Also weiter, trotz Mücken auf der Brille, Benzingestank in der Nase und nasser Füße, ich hatte mich bei einer Pinkelpause an einem Bachlauf verschätzt, kamen wir irgendwie total geerdet am Ziel an. Das war dann auch genau der Moment wo ich mich bezüglich einer Neuanschaffung endgültig entschieden hatte. Diese zwei Tage durch die Dolomiten, beziehungsweise die letzte Abfahrt vom Glockner hatte bei mir den Reset-Knopf gedrückt. Hightech ist also unwichtig für echten Fahrspaß und es bedarf wirklich nicht viel um glücklich sein. Dazu gehört auch noch der alte Ehrenkodex der Motorradfahrer. Gegenseitige Achtung und so Dinge wie Hilfsbereitschaft und Großzügigkeit. Um einem aus einer misslichen Lage zu helfen, gibt der Ur-Biker sein letztes Hemd her und er fährt niemals mit schadenfrohem Lächeln an einer Panne vorbei.

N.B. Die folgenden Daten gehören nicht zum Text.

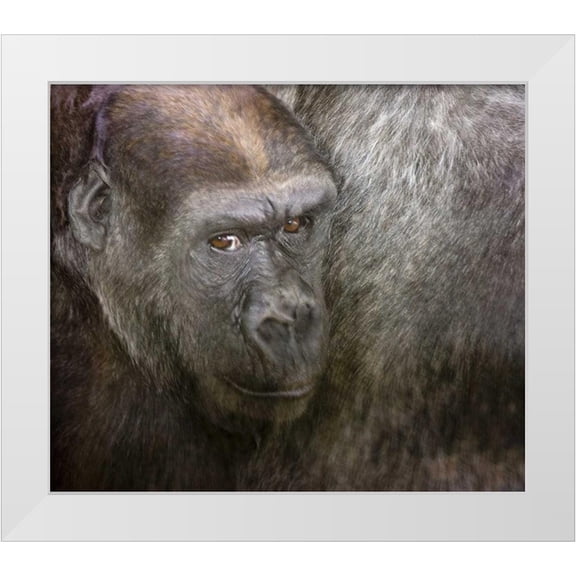Paulson, Don 30x26 White Modern Wood Framed Museum Art Print Titled - USA,Washington,Seattle Close-up of a gorilla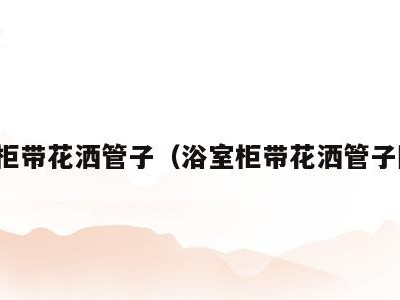 浴室柜带花洒管子(浴室柜带花洒管子图片)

Ich hatte also wiederentdeckt was schon immer da war. Die Einstellung, der Spirit, die alten Werte und echte Kumpels - und das Beste, - das alles „kosta fast garnichts“. Wer zudem einen minimalistischen Bock fährt und keine All-Inklusiv-Schüssel, ist immer mittendrin statt nur mit dabei.
Das Verschlingen unzähliger Motorradheftchen und Vergleichstest war also alles Umsonst. Das wirklich Richtige für mich war die Abkehr vom Technologiewahn. Meine TDM gab ich dennoch mit bestem Gewissen in gute Hände und meine neue Alte wurde eine 1975er Guzzi, leicht modifiziert aber nicht hochgerüstet. Wenig später fand ich mich hier im Forum mit Gleichgesinnten und es war wieder soooo geiiiil ein Ritter mit reinem Gewissen und zufrieden mit sich und der Welt zu sein und und und…. ups stopp, ich werde schon wieder sentimental.
Also seid gegrüßt ihr Helden und glaubt mir nicht alles wenn ich über eine GS oder Adventure meckere, ich find die heimlich immer noch irgendwie geil, nur anders.